A castle is a fortification designed to keep and enemy out, while a prison is a fortification designed to keep an enemy in. But often, and maybe even always, they are basically the same thing. And both are like our beliefs.
In a sense, everyone is the king of their own castle of ideas, but religion takes this to a higher level by encouraging a person to trust their imagination when it tells them they are doing it, not for themself, but for the glory of God.
By believing that their "beliefs" are necessary to survive, have meaning, or even control their own appetites and desires, people are encouraged to become ever more dependent upon the God-drug that all organized religions push. And like the man selling heroin, so religion sells holiness, and both trigger the same release of endorphins in the brain that make a person feel warmly loved.
The only difference is that one of these drugs is illegal and the other is legal. And it's not only legal, it's even encouraged as absolutely necessary, to save oneself from the eternal fires of a Merciful Loving God. A God, mind you, who slaughtered his own son (using humanity as the all too willing knife) like Abraham, in order to forgive it for being stained with original sin - a stain He just happened to withhold from the soul of his own son, so that son could grow up to be the kind of a man God hoped humanity would eventually kill.
And to prove that God should never doubt His faith in man's miserable sinful nature, we were only too happy to oblige.
This narrative of a God forgiving his sinful creation through the sin of them murdering his own son, is used to convince people to doubt everything but those things that affirm this narrative. And by doing so, their dependence upon it to being not just a "belief," but the very bedrock of all discerning wisdom, knowledge, and truth, only grows. And the more this dependence grows, the more it is applauded.

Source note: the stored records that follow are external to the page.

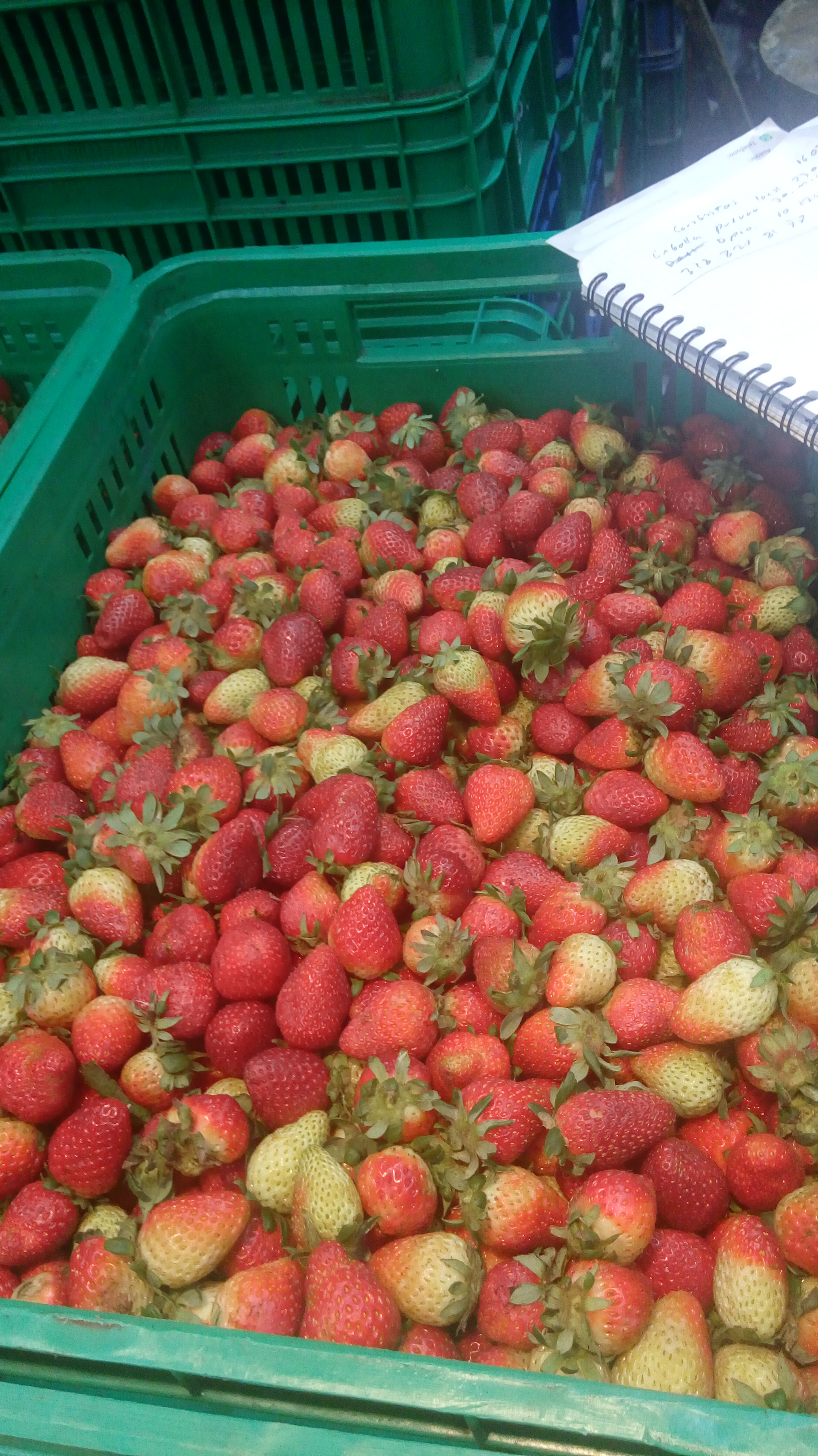 Fresas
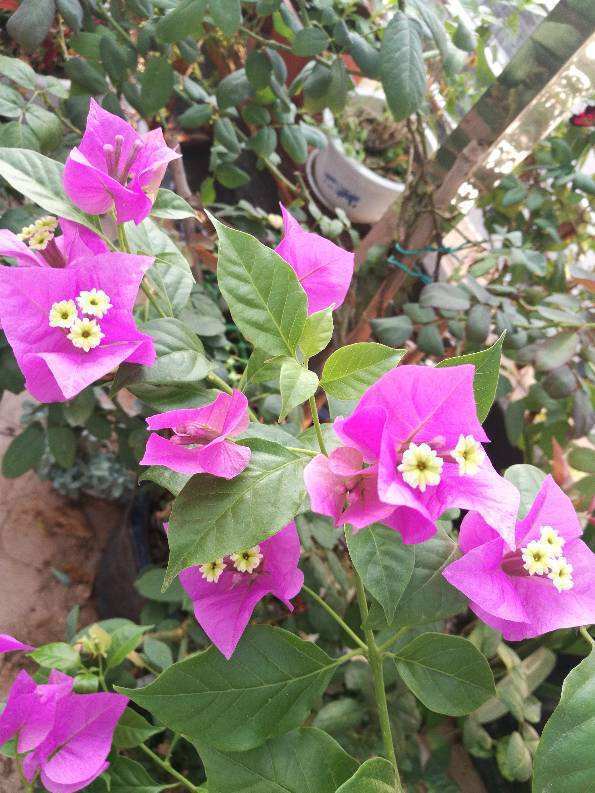 浇水|叶子发黄还脱落注意好这几点,叶子常年绿油油!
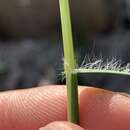 Image of flattened oatgrass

To those believers, their "beliefs" are what are most important, more than anything else in the universe; even more than they are.

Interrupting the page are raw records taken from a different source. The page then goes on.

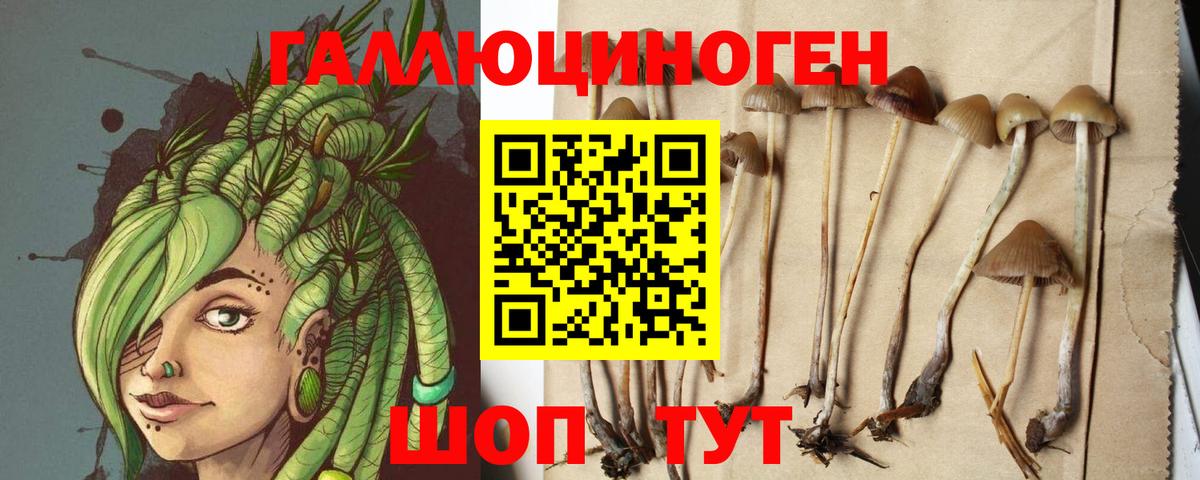 Мичуринск  Псилоцибиновые грибы MAGIC MUSHROOMS  Вход с VPN  Галлюциногенные грибы Psilocybe 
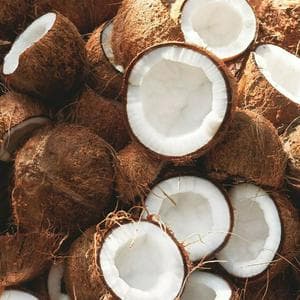 profile_Coconut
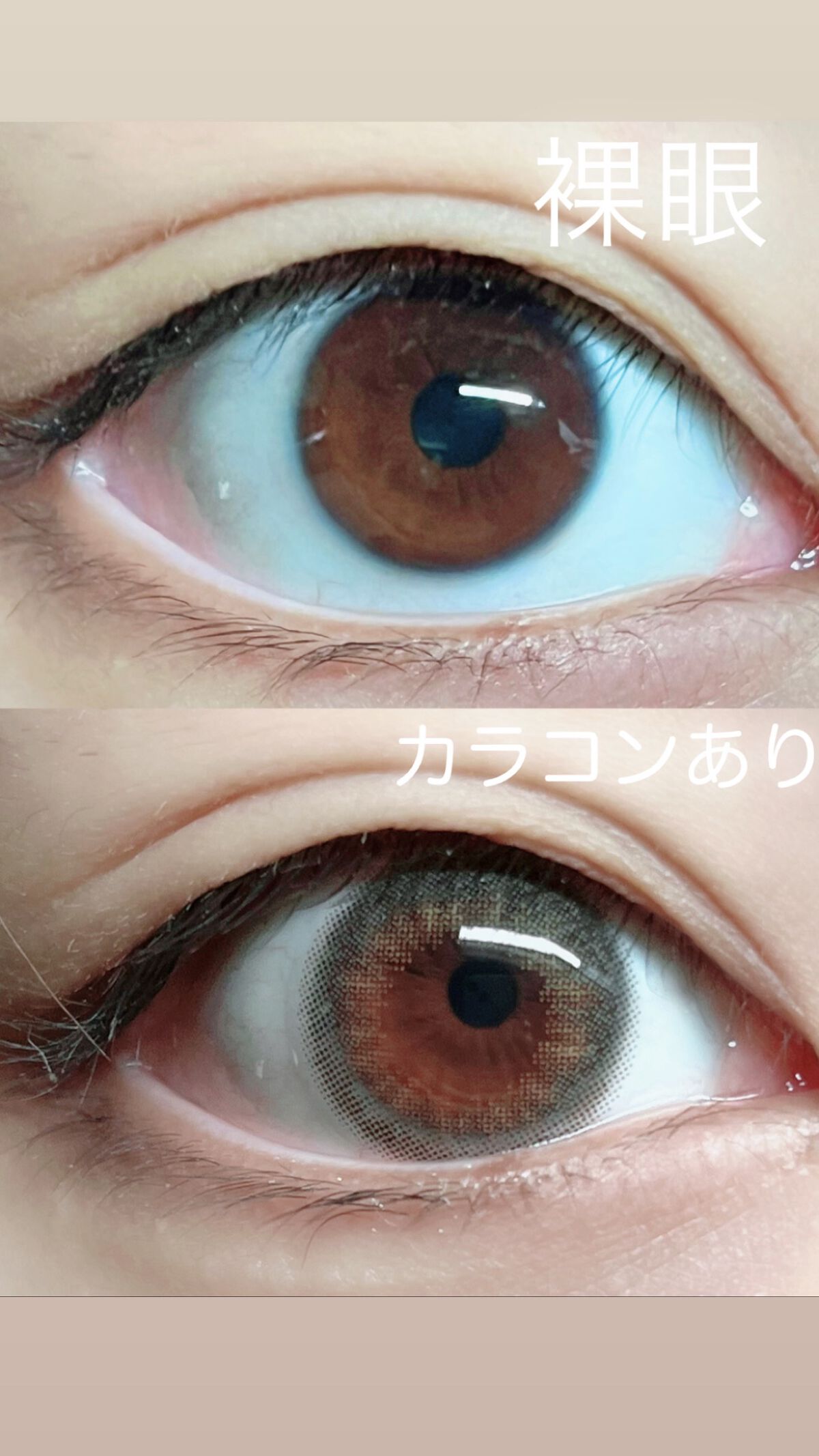 MOLAK 1day/MOLAK/ワンデー（１DAY）カラコンを使ったクチコミ（2枚目）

To die defending those beliefs (i.e. their "castle") in this temporary universe - which would be smaller than an atom and only amount to a mere millisecond to an "infinite" and "eternal" God - is something that they believe is the highest virtue and honor they can perform. And they believe this not only because it is the surest way to go directly to heaven, without having to pass purgatory, but to show their gratitude to a God who was generous enough to have created the entire universe -even with all of its difficulties, cruelties, and death - specifically for them.
This castle can also feel exactly like a prison to the "believer," however, since it tends to be seen not as a castle at all, but a cross. Religion teaches the "believer" to not only conflate "truth" with a "belief," but to identify their own suffering with the suffering of their Messiah. Such a perspective means all of the suffering added to the world from Crusades and Inquisitions to pedophile priests and the Church's attempts to hide it, all somehow served to redeem humanity in the same way Christ's suffering was alleged to. Hence, if all of the Church's victims had simply offered up their suffering to God, whether from torture or rape, think of all of the people that could've gotten out of Purgatory?!

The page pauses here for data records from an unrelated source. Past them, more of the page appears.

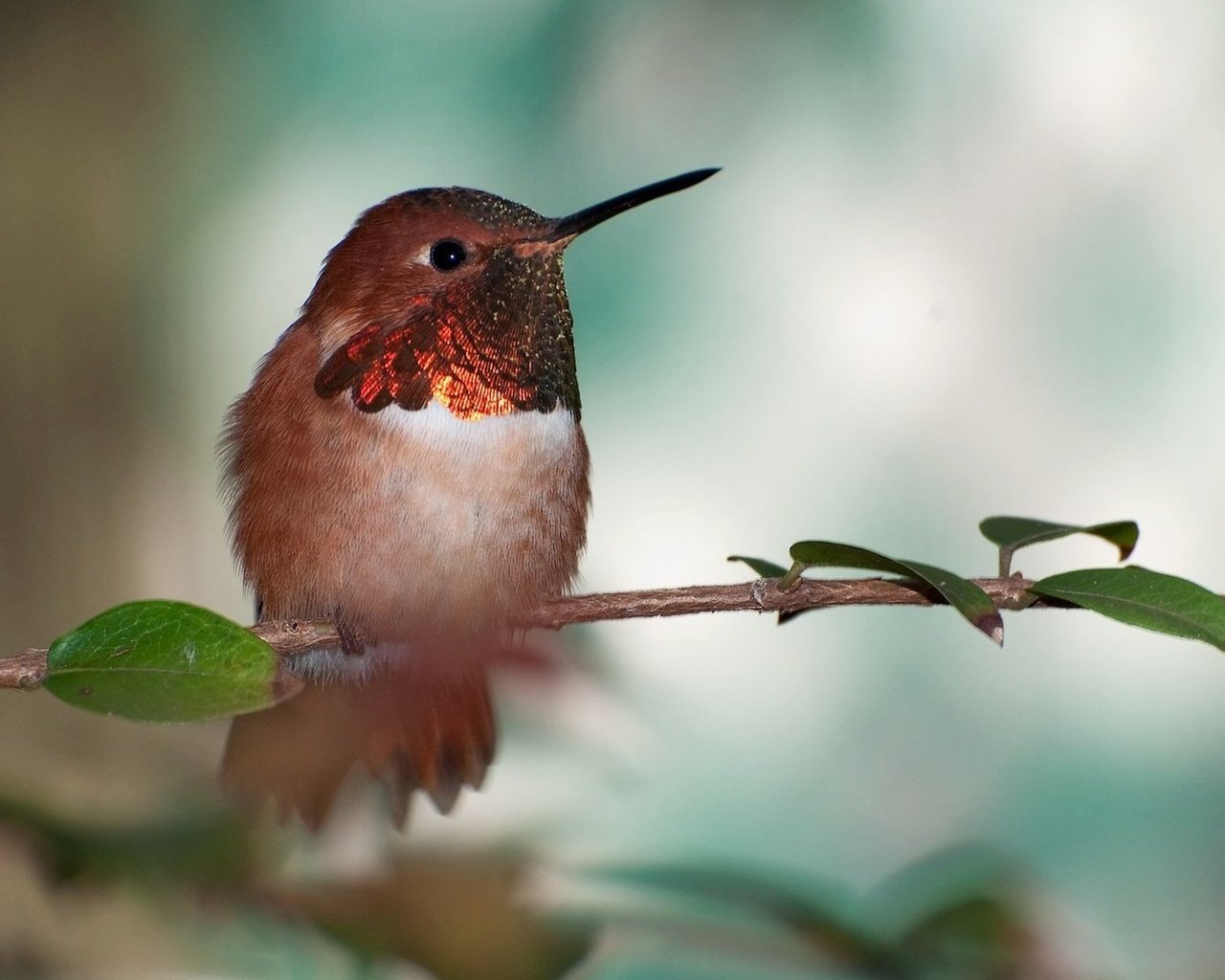 Обои птица, клюв, перья, калибри, охристый колибри, bird, beak, feathers, kalibri, buffy hummingbird разрешение 1920x1080 Загрузить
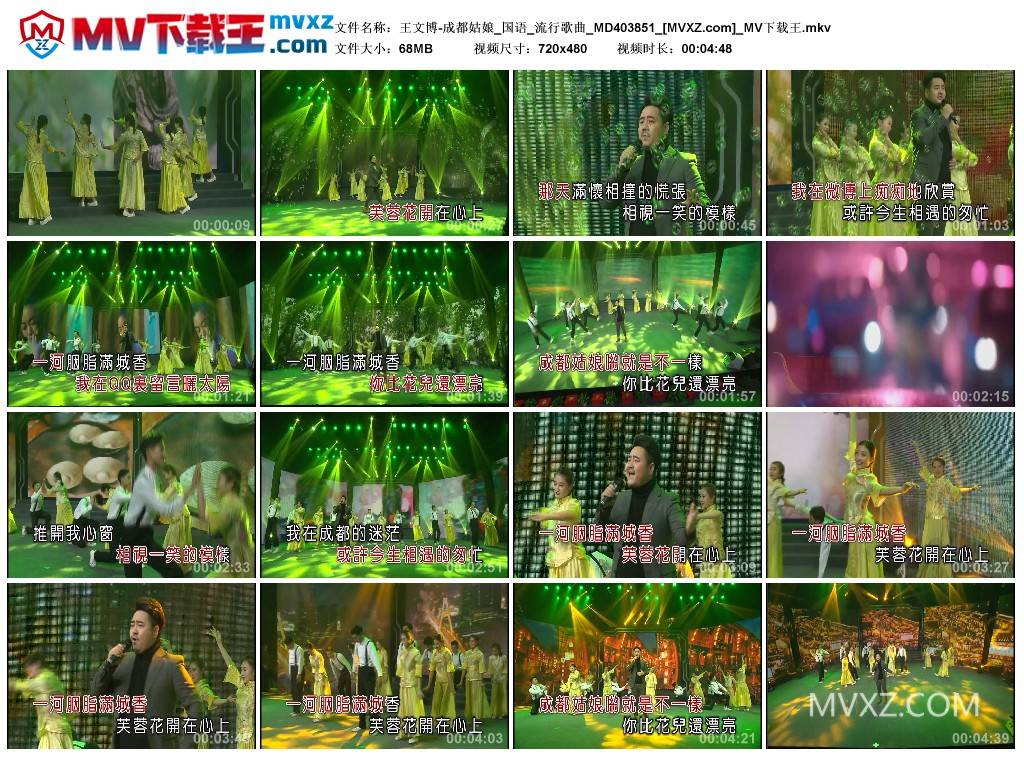 王文博-成都姑娘_国语_流行歌曲_MD403851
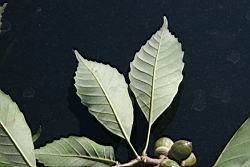 圓果青剛櫟-葉背00.jpg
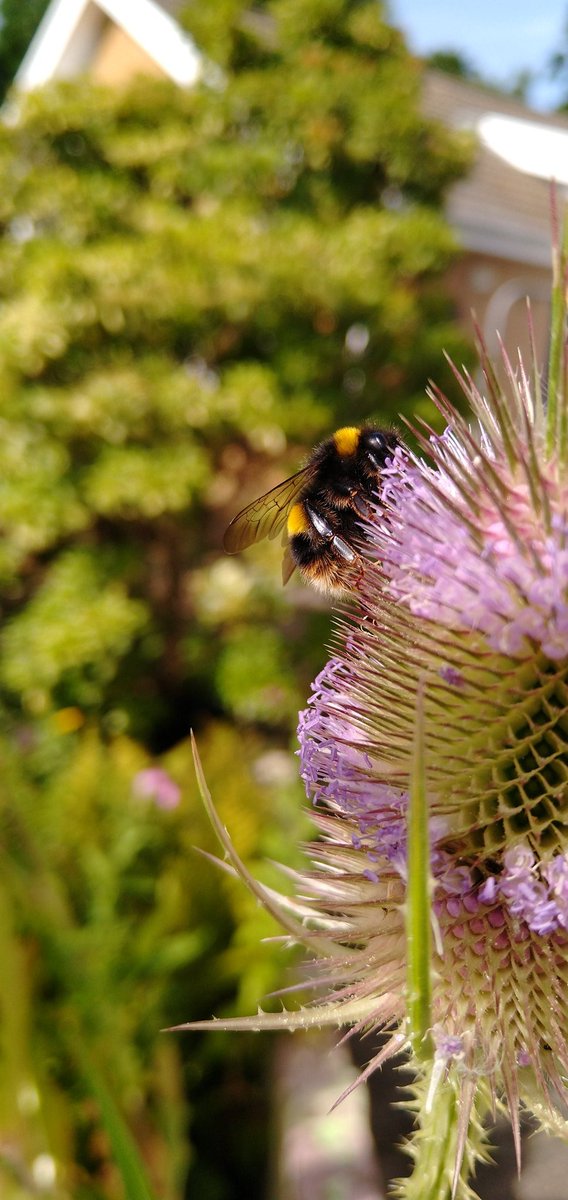 cora eley tweet media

In this way, Christianity encourages a victimization mentality. Since it is the job of the "believer" to evangelize the world, their view of Jesus as the "victim" of a world that rejected God, leads them to see themselves as Jesus (i.e., "rejected by the world") when anyone challenges the "authenticity" and "infallibility" of their claims. And this is especially the case whenever anyone challenges their claims to "Biblical inerrancy," of either the Bible itself or their interpretation of it.
In either situation, whether seen as a castle or a prison, the point is that both are built out of fear, and the desperate need to protect oneself, from either an enemy without or within. And since religion is also relied upon to keep the darker angels of our being imprisoned within ourselves, chained by our "hope" for eternal life, it is a prison that some preach simply because they rely on it to protect the world from themselves.
But when they discover the power of invisibility that their positions grant them as "spiritual leaders," that is, once they discover that playing the lamb is the easiest way for the wolf to hunt the sheep, it becomes only too easy for them to prey upon victims. Perhaps even with the "belief" that they are actually helping them in some way, as hard as that may be to imagine.
The problem is that religious beliefs do not suppress our fearful and darker side, even though it appears to give some people "hope" through the power of denial of our own mortality, it simply re-channels our darker side, by convincing us that when we are doing our worst toward each other, we are being our best for God.